WORK REQUEST — When you restate the records, do so word for word and omit any picture they contain.

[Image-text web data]
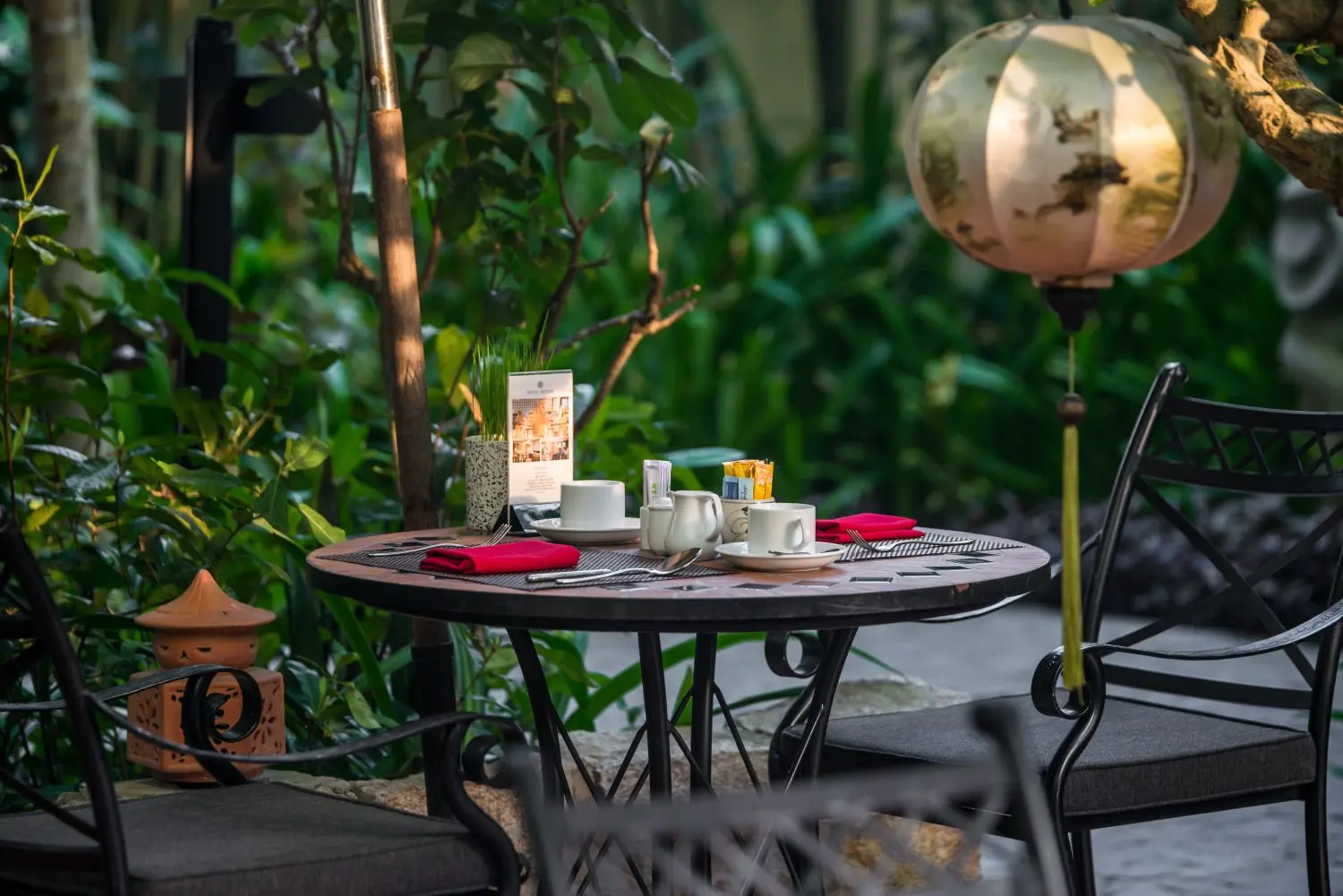 Red Bean Restaurant Hoi An - Văn hóa địa phương gắn liền với các món ăn 7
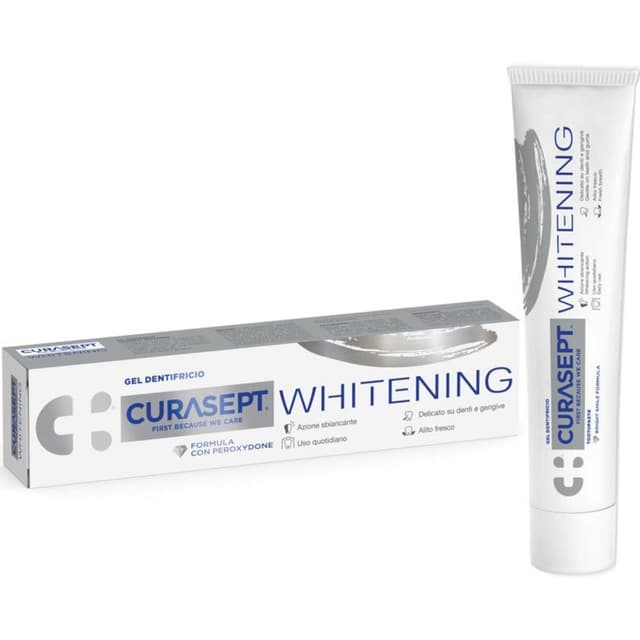 Curasept Whitening Pasta dental 75 ml
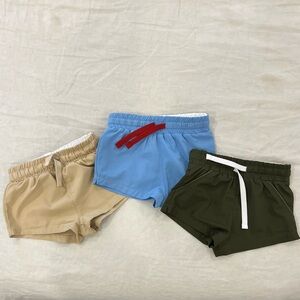 Cadets Boys Le Club Short, Size 1/2 (Lot of 3)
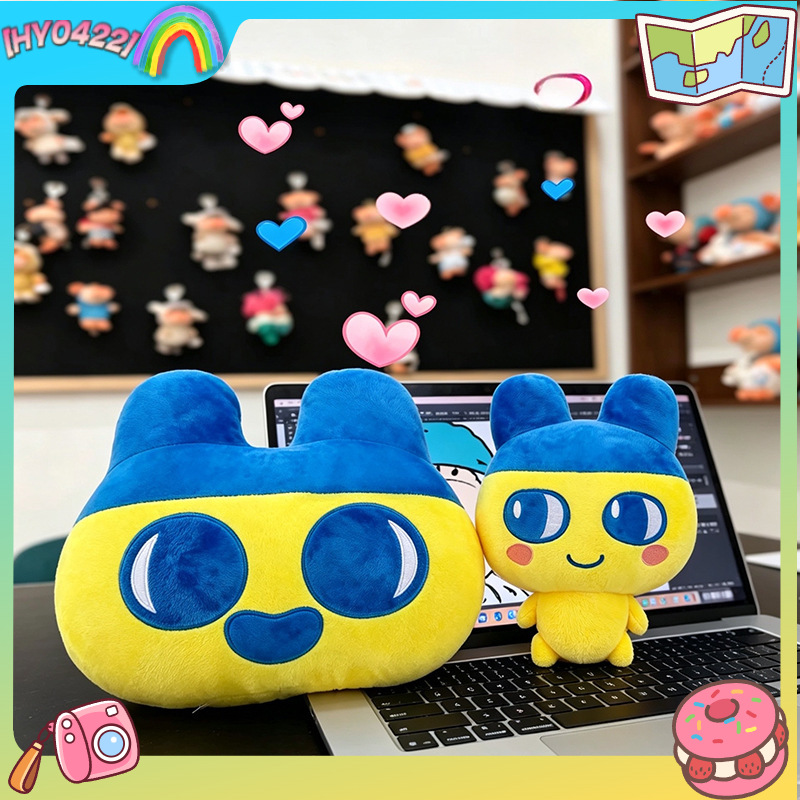 ตุ๊กตาการ์ตูนทามาก็อตชิ คุชิแพ - Throw Pillow บทวิจารณ์และราคา
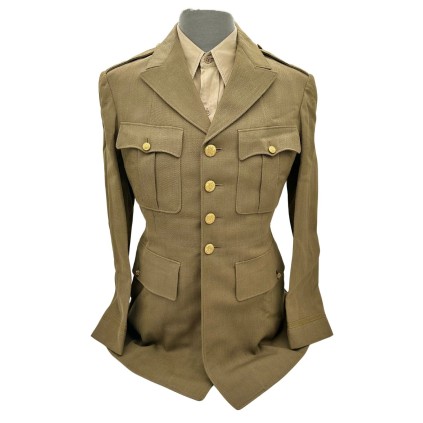 Veste OFFICIER ORIGINALE WWII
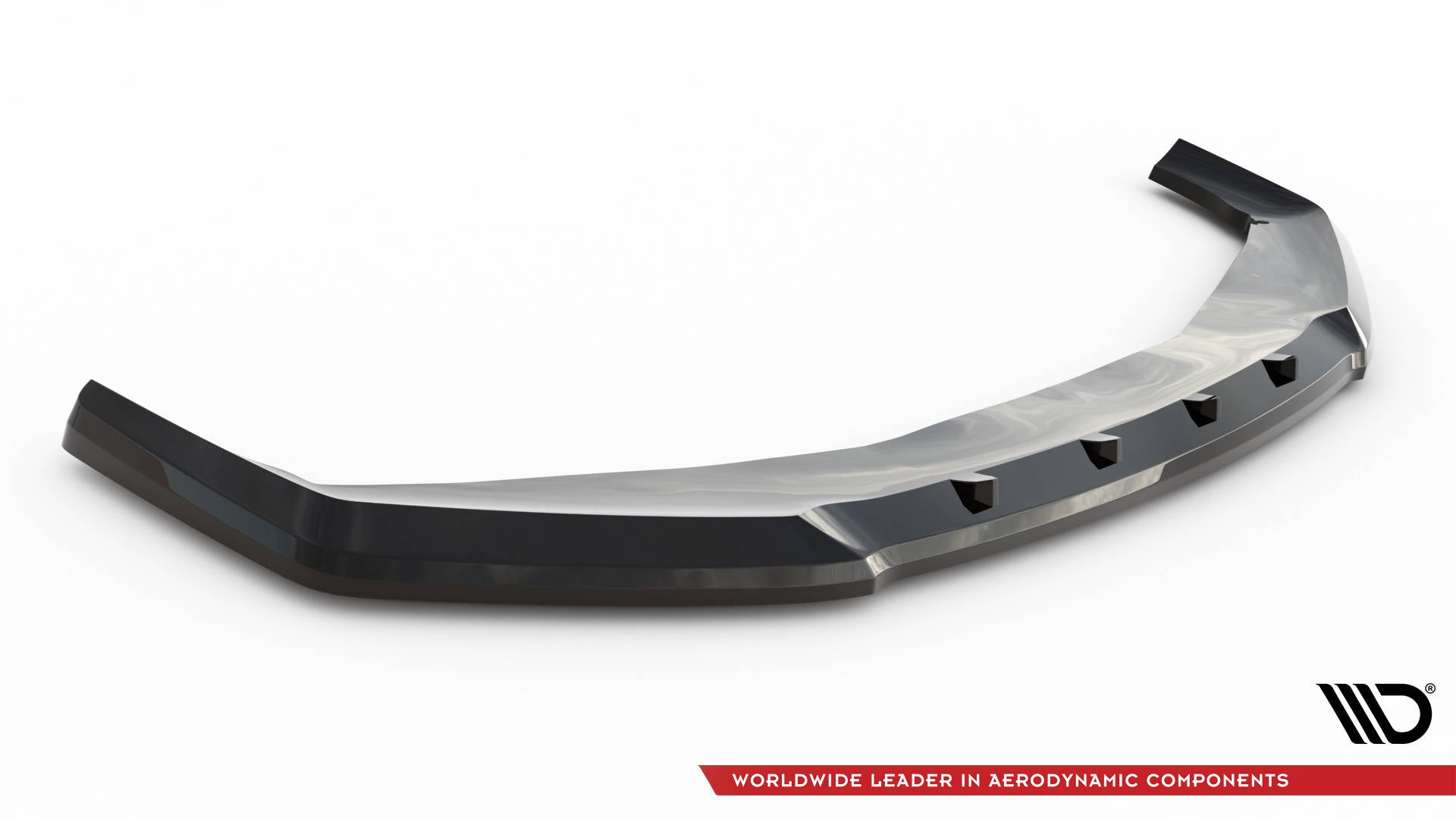 Front Splitter V.1 BMW 7 M-Pack / M760e / i7 M-Pack G70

WRITTEN SOLUTION —
 Red Bean Restaurant Hoi An - Văn hóa địa phương gắn liền với các món ăn 7
 Curasept Whitening Pasta dental 75 ml
 Cadets Boys Le Club Short, Size 1/2 (Lot of 3)
 ตุ๊กตาการ์ตูนทามาก็อตชิ คุชิแพ - Throw Pillow บทวิจารณ์และราคา
 Veste OFFICIER ORIGINALE WWII
 Front Splitter V.1 BMW 7 M-Pack / M760e / i7 M-Pack G70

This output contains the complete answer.